Enable it by setting the SSL config item to True, and configure the other SSL config items as required. You’ll need to specify the cert files to use, private keys, and passwords if any. By default, the SSL mode only has a cert on the server (which is similar to visiting a https url in your browser). This means your clients can be sure that they are connecting to the expected server, but the server has no way to know what clients are connecting. You can solve this by using a HMAC key (see by using a HMAC signature via a shared private key), but if you’re already using SSL, a better way is to do custom certificate verification. You can do this in your client (checks the server’s cert) but you can also tell your clients to use certs as well and check these in your server. This makes it 2-way-SSL or mutual authentication. For more details see here by using 2-way-SSL and certificate verficiation. The SSL config items are in Overview of Config Items.

For example code on how to set up a 2-way-SSL Pyro client and server, with cert verification, see the ssl example.


You must use at least Python 2.7.11 / 3.4.4 or newer for proper SSL support.

Dotted names (object traversal)

Using dotted names on Pyro proxies (such as is not possible in Pyro, because it is a security vulnerability (for similar reasons as described here ).

Environment variables overriding config items

Almost all config items can be overwritten by an environment variable. If you can’t trust the environment in which your script is running, it may be a good idea to reset the config items to their default builtin values, without using any environment variables. See Configuring Pyro for the proper way to do this.

Preventing arbitrary connections

by using a HMAC signature via a shared private key

You can use a HMAC signature on every network transfer to prevent malicious requests. The idea is to only have legit clients connect to your Pyro server. Using the HMAC signature ensures that only clients with the correct secret key can create valid requests, and that it is impossible to modify valid requests (even though the network data is not encrypted). The hashing algorithm that is used in the HMAC is SHA-1.

You need to create and configure a secure shared key yourself. The key is a byte string and must be cryptographically secure (there are various methods to create such a key). Your server needs to set this key and every client that wants to connect to it also needs to set it. You can set the shared key via the _pyroHmacKey property on a proxy or a daemon:

daemon._pyroHmacKey = b"secretkey"
proxy._pyroHmacKey = b"secretkey"


It is hard to keep a shared secret key actually secret! People might read the source code of your software and extract the key from it. Pyro itself provides no facilities to help you with this, sorry. The Diffie-Hellman Key Exchange algorithm is one example of a secure solution to this problem. There’s the diffie-hellman example that shows the basics, but DO NOT use it directly as being “the secure way to do this” – it’s only demo code.

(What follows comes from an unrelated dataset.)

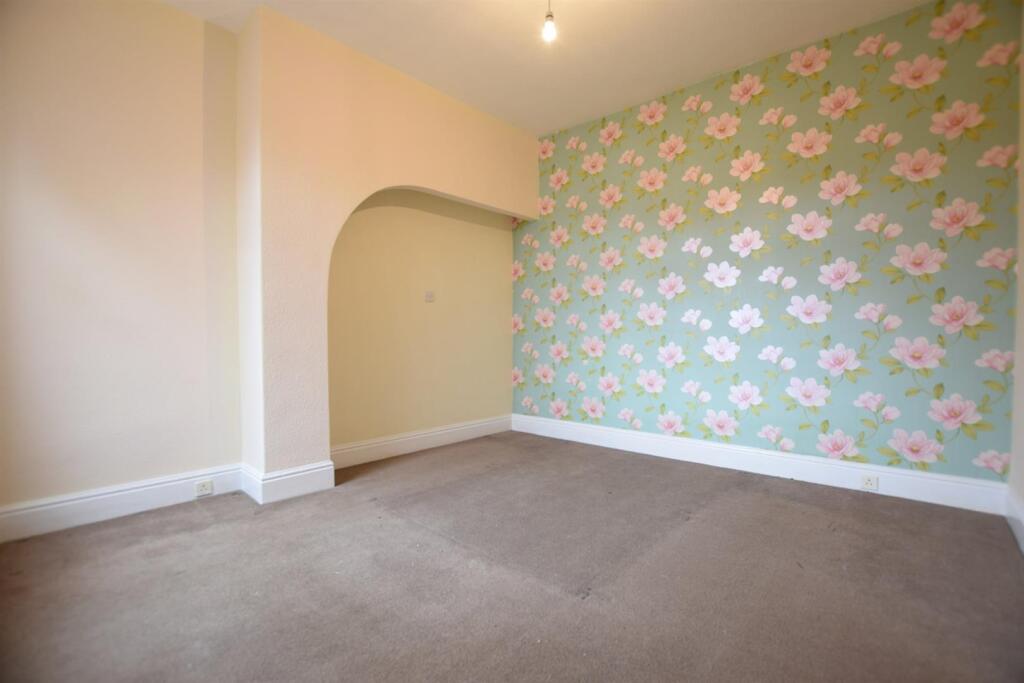 Apartment in York - View 5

by using 2-way-SSL and certificate verficiation

When using SSL, you should also do some custom certificate verification, such as checking the serial number and commonName. This way your code is not only certain that the communication is encrypted, but also that it is talking to the intended party and nobody else (middleman). The server hostname and cert expiration dates are checked automatically, but other attributes you have to verify yourself.

This is fairly easy to do: you can use Connection handshake for this. You can then get the peer certificate using Pyro4.socketutil.SocketConnection.getpeercert().

If you configure a client cert as well as a server cert, you can/should also do verification of client certificates in your server. This is a good way to be absolutely certain that you only allow clients that you know and trust, because you can check the required unique certificate attributes.

Having certs on both client and server is called 2-way-SSL or mutual authentication.

The ssl example shows how to do this.